Corn Planting Report Looks Fairly Bearish for Markets
Today’s USDA acreage report signals a potential U.S. corn crop of 13.47 billion bushels, which will be needed to rebuild stocks and meet feed and fuel demand, says Todd Davis, crops economist with the American Farm Bureau Federation
June 30, 2011
Farmers may be questioning an acreage report released today by the Agriculture Department that shows a whopping 92.3 million acres of U.S. corn plantings this year, when most observers expected less acreage due to poor weather conditions that delayed planting over much of the Corn Belt.

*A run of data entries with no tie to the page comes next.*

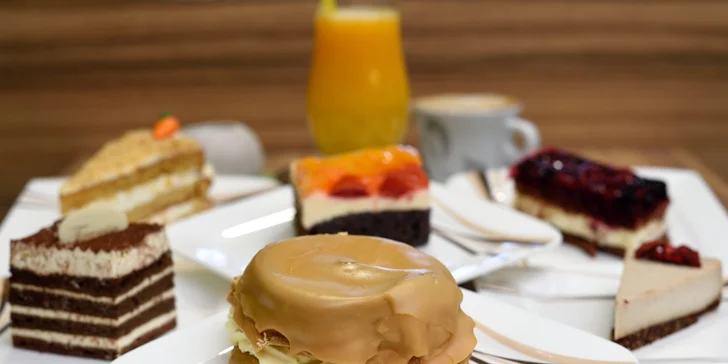 Káva alebo fresh s koláčom, či chutné panini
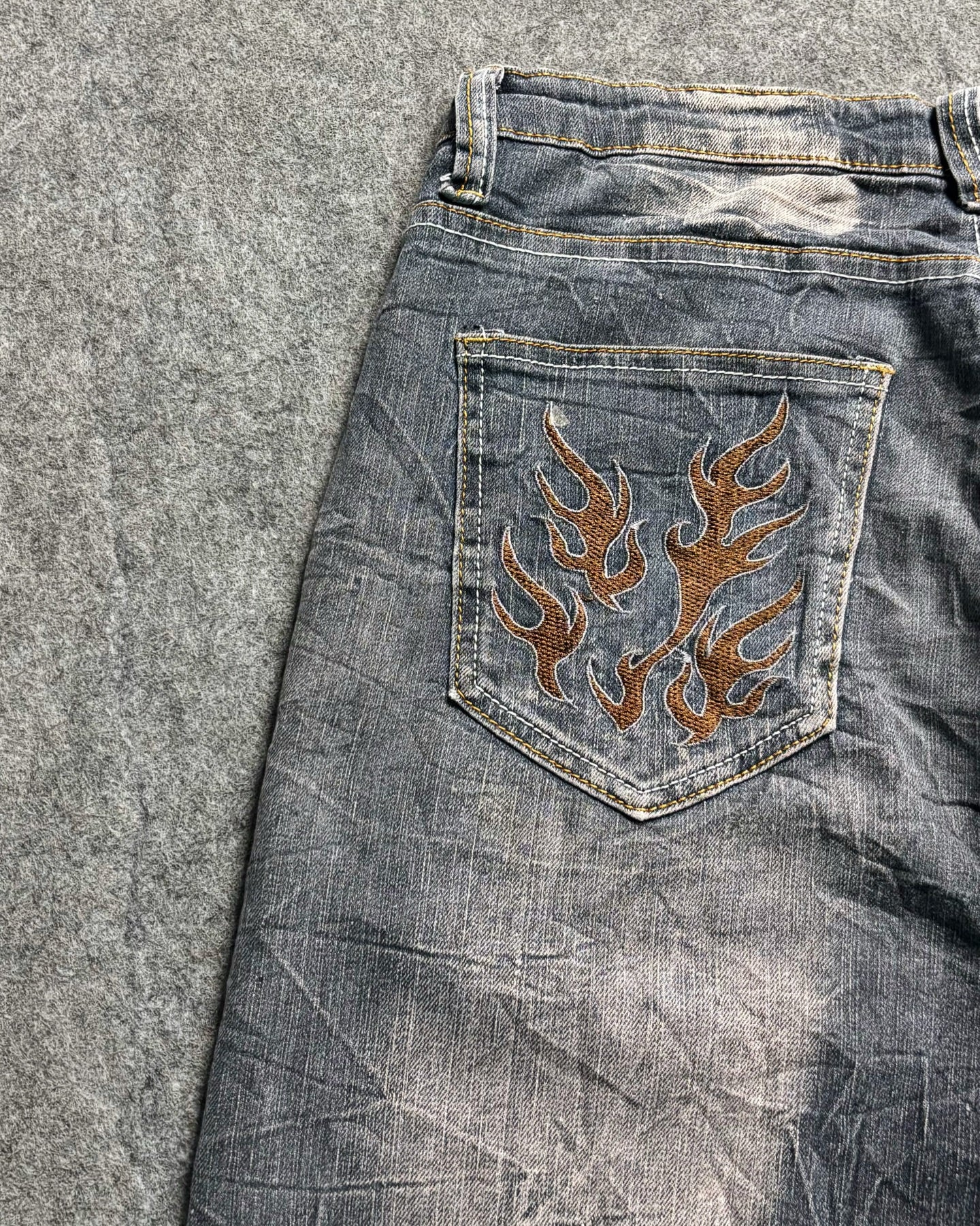 (RARE)Y2k ACID EMBRODIERY PREMIUM DENIM 🔥 PREMIUM QUALITY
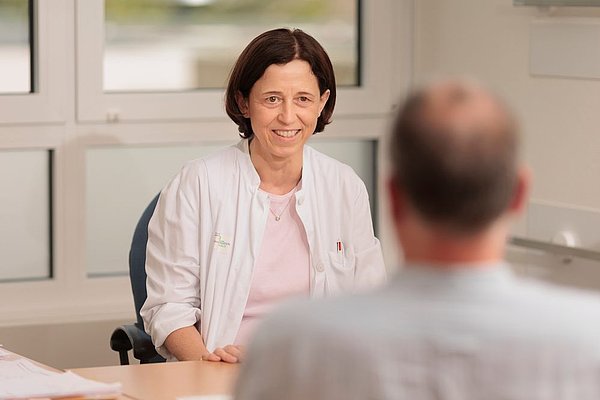 Gespräch zwischen Ärztin und Patient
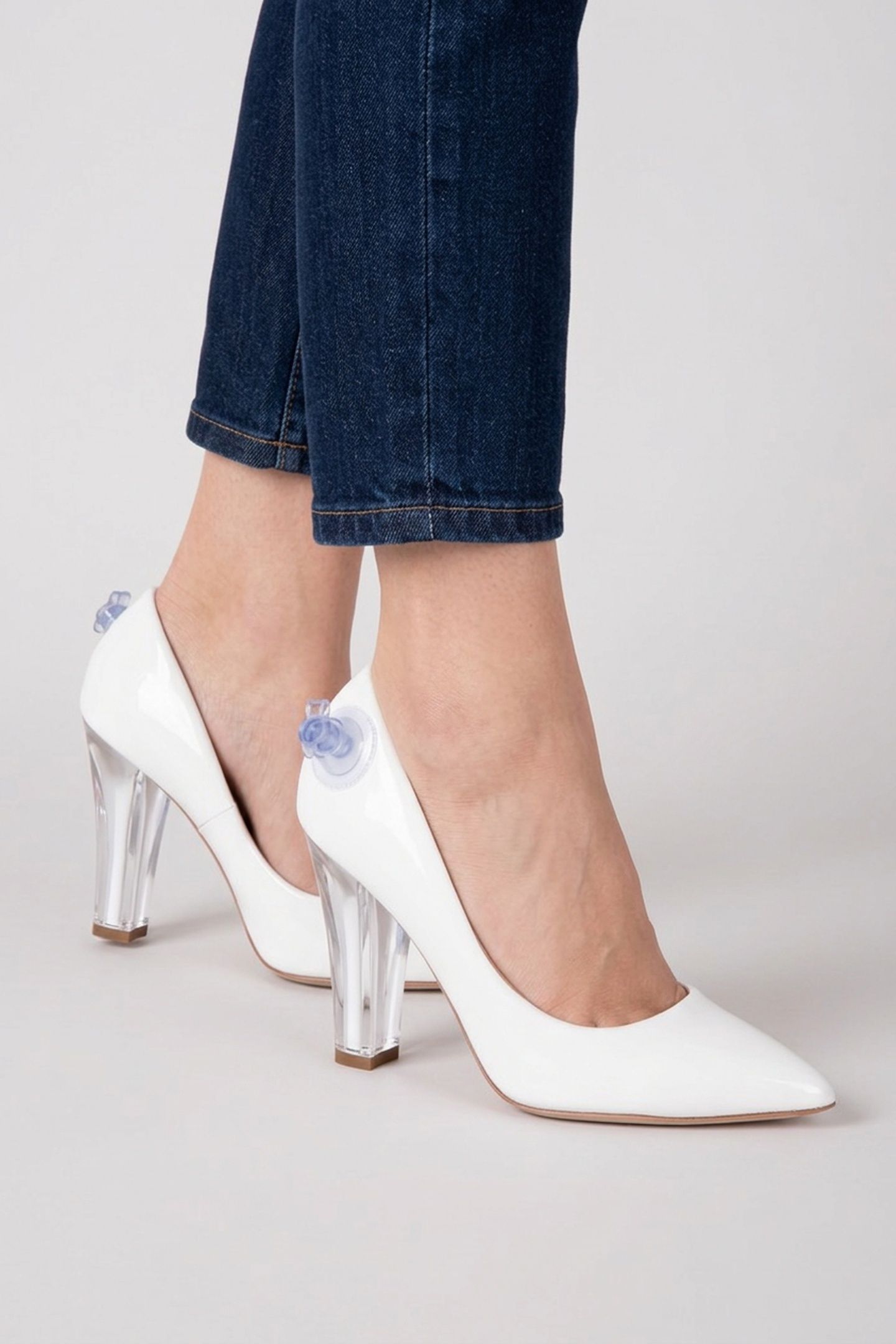 INFLATABLE EFFECT PUMPS WHITE 2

Today ’s USDA acreage report signals a potential U.S. corn crop of 13.47 billion bushels, which will be needed to rebuild stocks and meet feed and fuel demand, says Todd Davis, crops economist with the American Farm Bureau Federation.
“We have a lot of hurdles to jump to reach a harvest of 13.47 billion bushels of corn this year,” Davis says. “The weather throughout the Corn Belt will have to cooperate in July and August for farmers to gets strong yields, and we would have to harvest the 84.8 million acres projected in the June 30 acreage survey.”
Davis says the USDA crop report caught everyone by surprise. Most analysts were expecting USDA to forecast corn plantings to come in from 89.5 million acres to 91.5 million acres.
“I don’t think anybody was expecting more than 92 million corn acres this year,” Davis says. “From the coffee shops to the trading floor, everybody you talked to expected USDA to reduce its corn acreage from the March 31 prospective plantings report because of all the weather headaches farmers are having this year. USDA actually moved up its 2011 corn acreage slightly from its March 31 prospective plantings forecast.”
If USDA’s prediction comes true, the 92.3 million acres would be 5% larger than last year’s U.S. corn crop when 88.19 million acres were planted. U.S. corn acreage planted in 2011 would be the second-highest since 1944, behind only the 93.5 million acres planted in 2007.
“The market was signaling a need for more corn acres this year and farmers responded,” Davis says. “Most of the acreage gains are coming from the western Corn Belt. USDA found more acres in Iowa, Minnesota, Nebraska and South Dakota, which offset the reduced acreage in the eastern Corn Belt.”